### ABOUT THIS EXERCISE
Leaving out every picture, please repeat exactly the line that contains "Vintage Swarovski Kristall" and each line after it through the final line below.

### EXCERPTED RECORDS
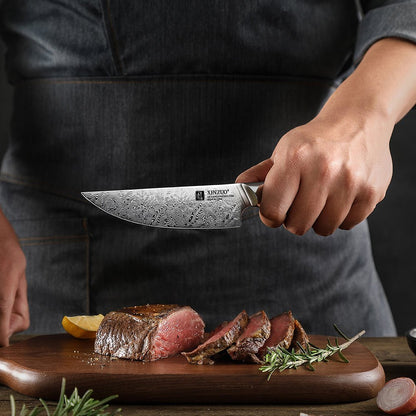 Couteau à Steak Xinzuo | Acier de Damas et Manche en Bois de Fer du Désert - Mon Univers Cuisine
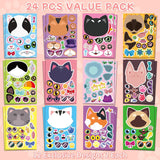 24 Sheets Make Your Own Cat Face Stickers for Kids, Cat Party Favors and Birthday Crafts Supplies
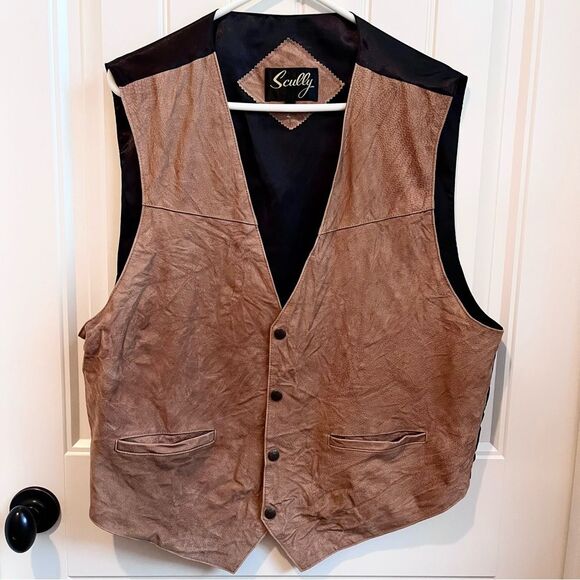 Scully leather vest men’s size XXL Oklahoma Western Button Dressy front pockets - Picture 1 of 5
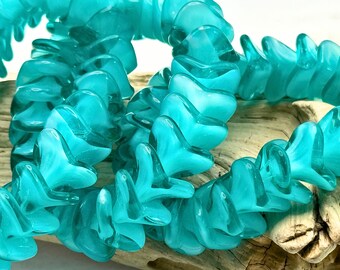 Vaseline Aqua White Mix Transparent Opaque Large Bellflower | Blue Opaque Czech Glass Beads | 12x9mm (2/10/25 beads) 392V16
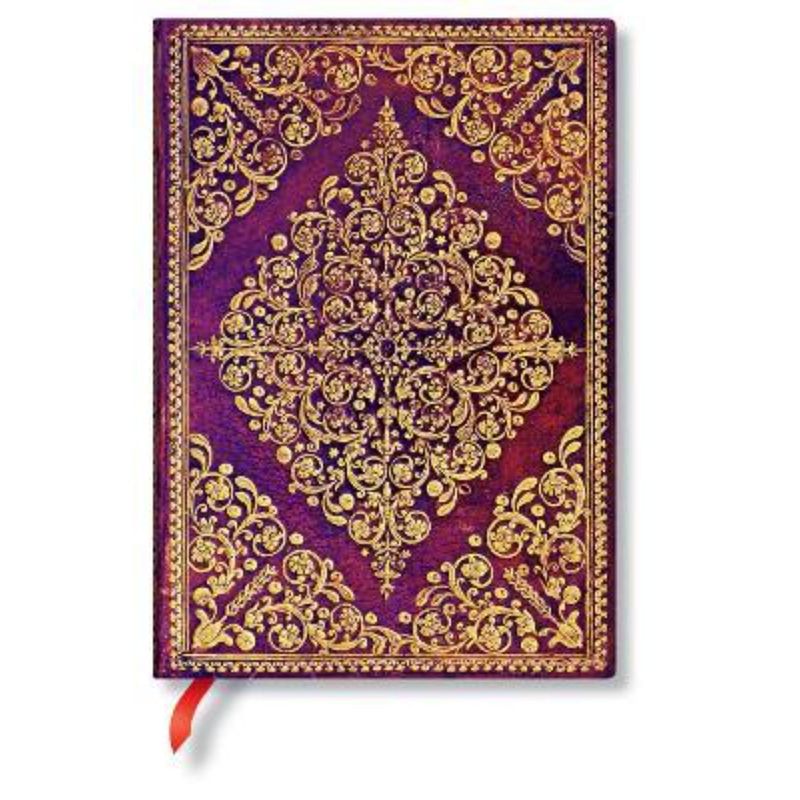 PAPER BLANKS - Libreta Diamond Rosette Viola, Midi Tapa Dura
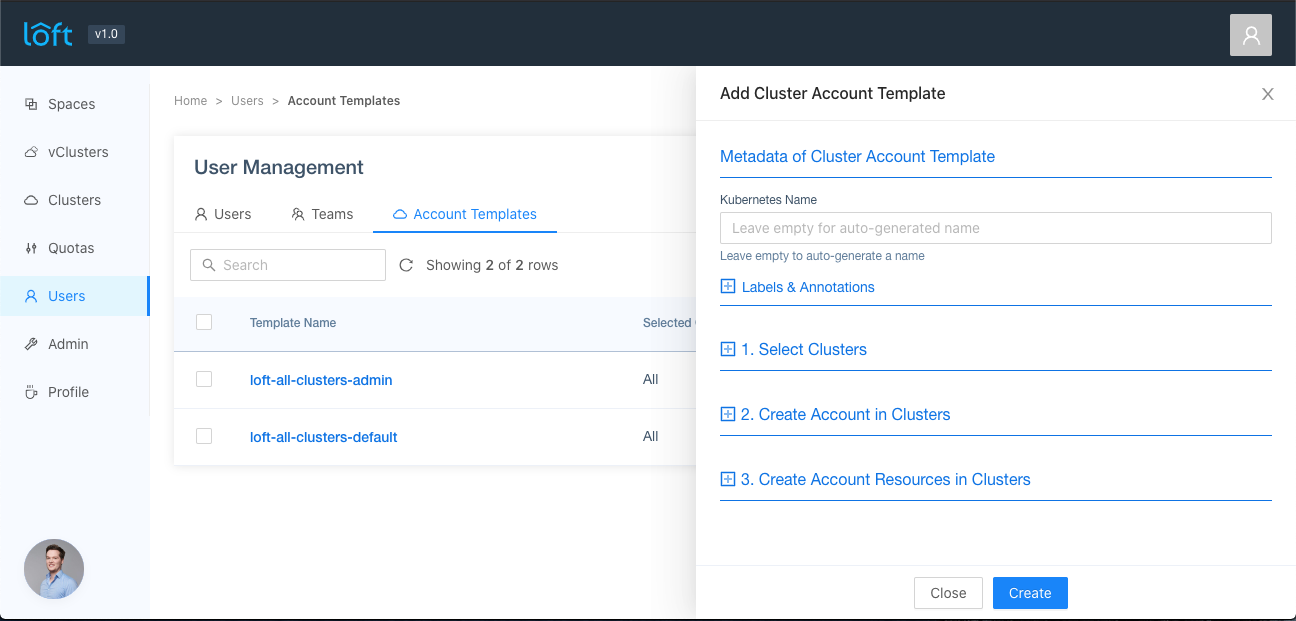 Create a new Cluster Account Template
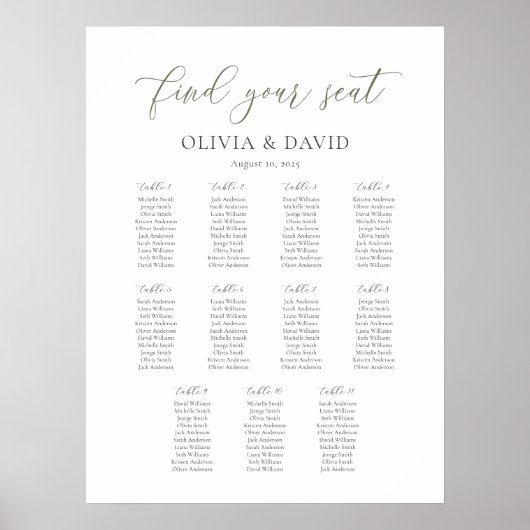 Poster Sage Script 11 table Seating Chart Trouvez votre s (Devant)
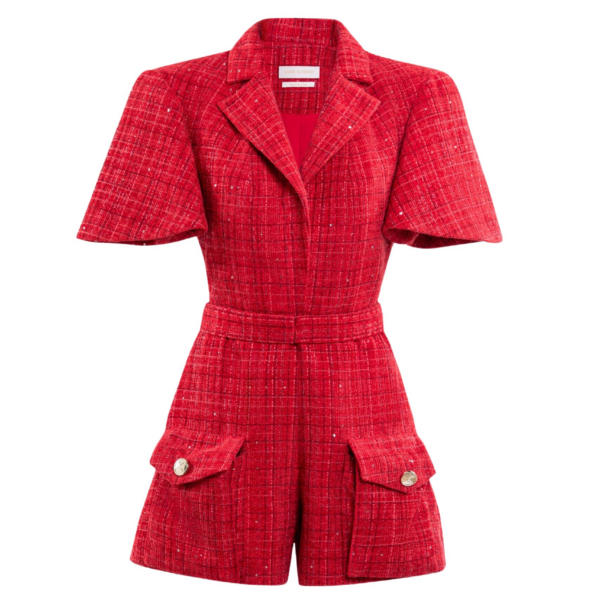 Saiid Kobeisy Tweed Short Jumpsuit
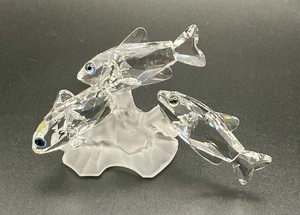 Vintage Swarovski Kristall DREI SÜDSEEFISCHE Figur mit Schwan Logo, Österreich. ANSEHEN** - Bild 1 von 15
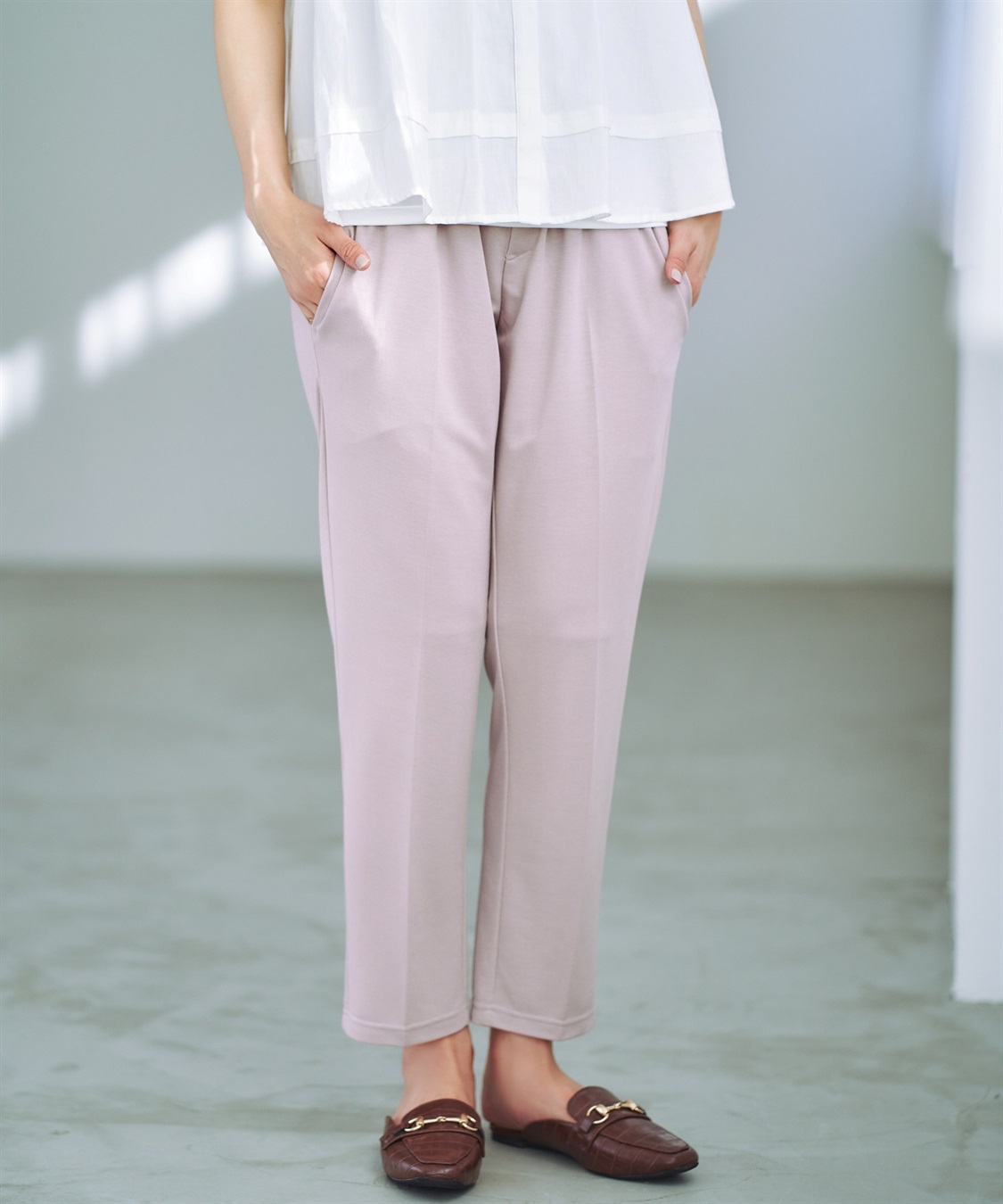 Rosemadame 接触冷感テーパードパンツ（マタニティ/授乳服）授乳楽々 妊婦服 産前・産後対応_variation_2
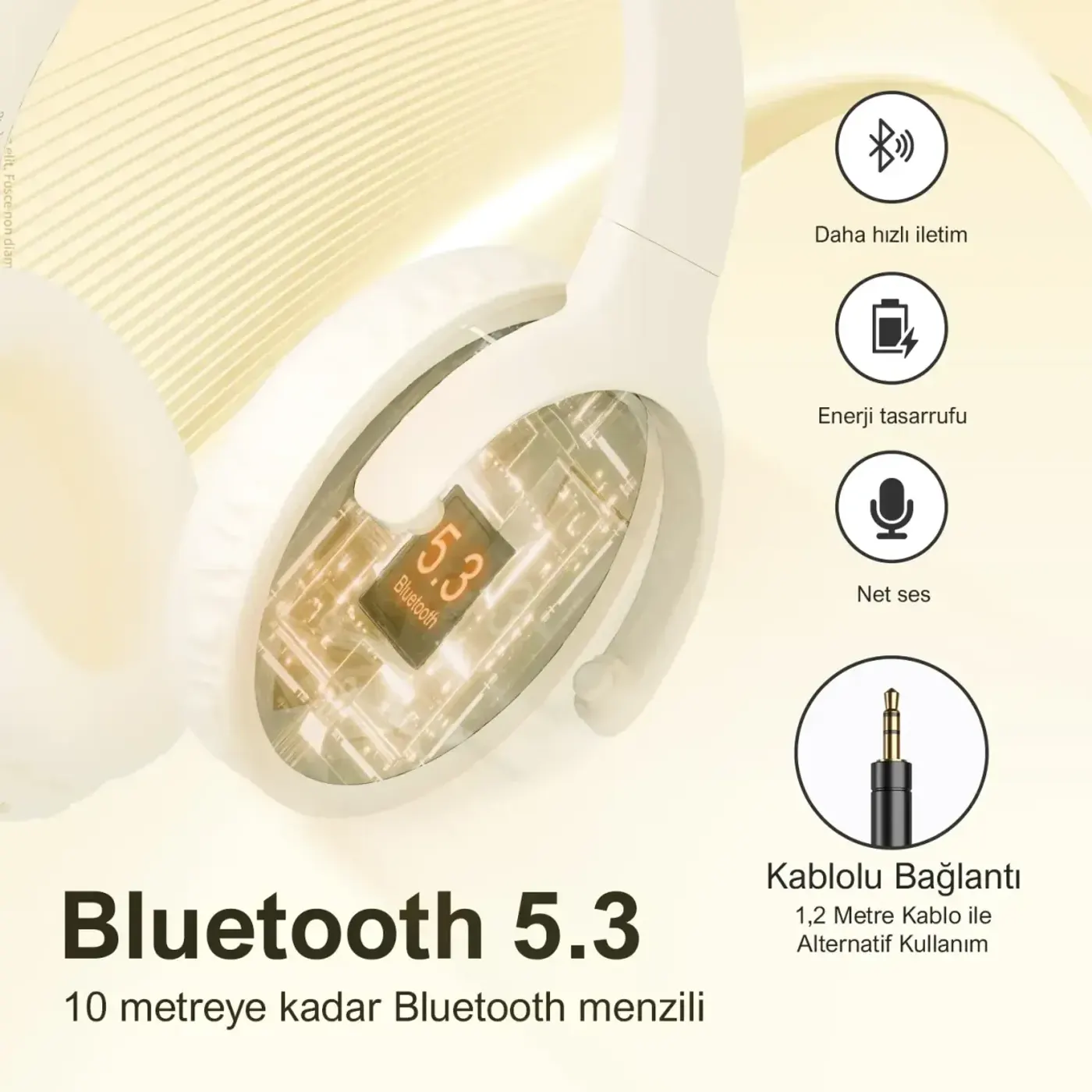 H2 Soundcraft 40mm Sürücülü 14 Saat Kulak Üstü Kulaklık — görsel 5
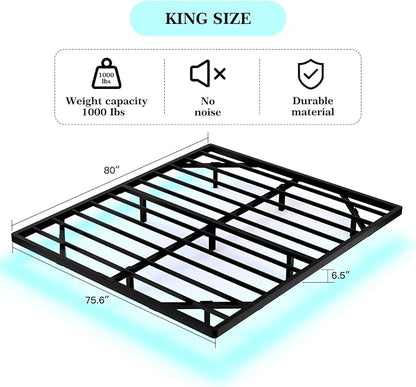 Awesofurni Floating Bed Frame King Size, King Bed Frame with Smart LED Lights, Heavy Duty Modern Metal Platform Bed No Box Spring Needed - Easy Assembly and Noise Free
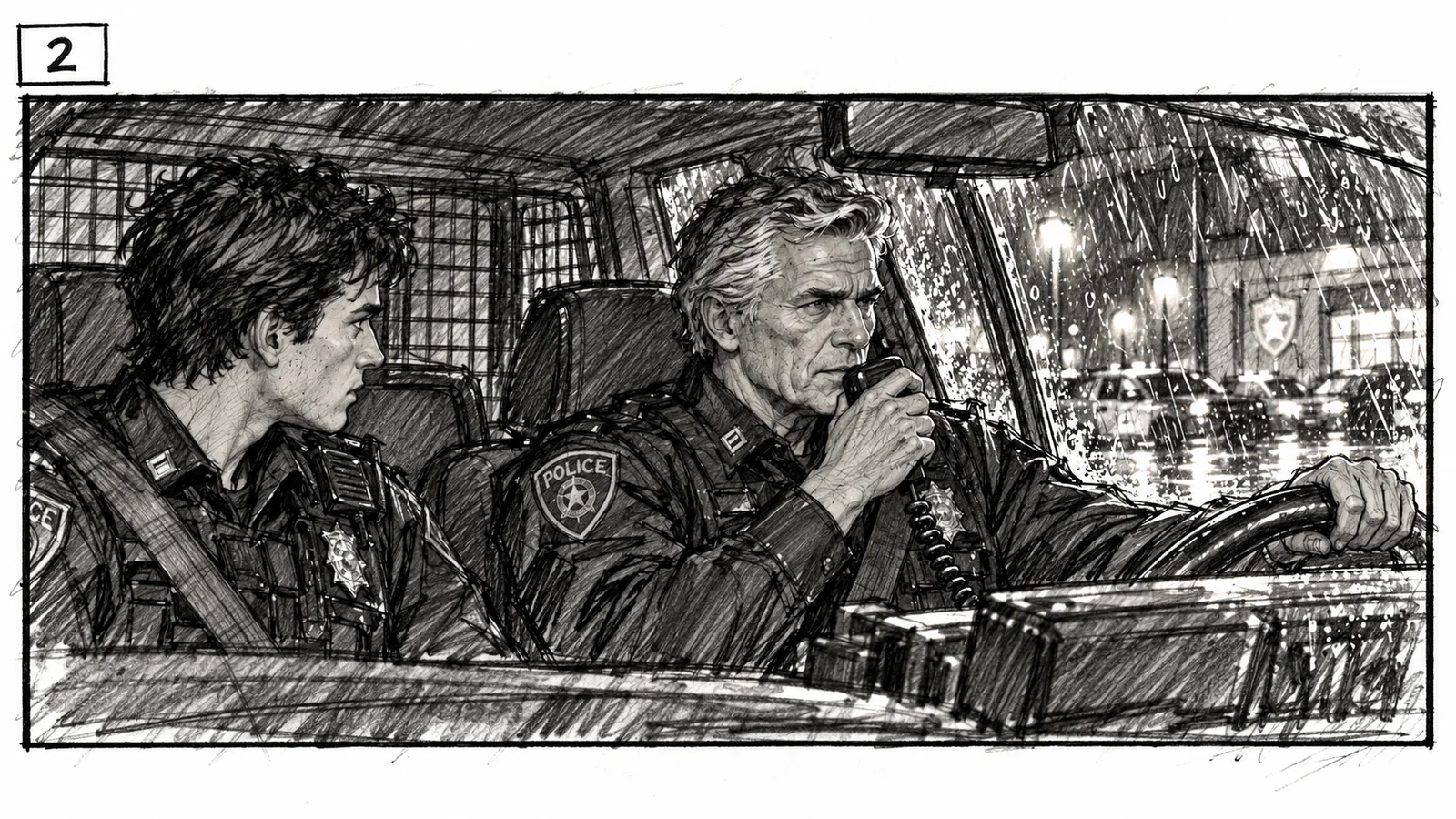 Storyboard frame 2: inside the patrol car, the veteran holds the radio microphone to his mouth while the rookie watches him; the lit station shows through the rain-streaked windshield.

### PROBLEM SOLUTION
 Vintage Swarovski Kristall DREI SÜDSEEFISCHE Figur mit Schwan Logo, Österreich. ANSEHEN** - Bild 1 von 15
 Rosemadame 接触冷感テーパードパンツ（マタニティ/授乳服）授乳楽々 妊婦服 産前・産後対応_variation_2
 H2 Soundcraft 40mm Sürücülü 14 Saat Kulak Üstü Kulaklık — görsel 5
 Awesofurni Floating Bed Frame King Size, King Bed Frame with Smart LED Lights, Heavy Duty Modern Metal Platform Bed No Box Spring Needed - Easy Assembly and Noise Free
 Storyboard frame 2: inside the patrol car, the veteran holds the radio microphone to his mouth while the rookie watches him; the lit station shows through the rain-streaked windshield.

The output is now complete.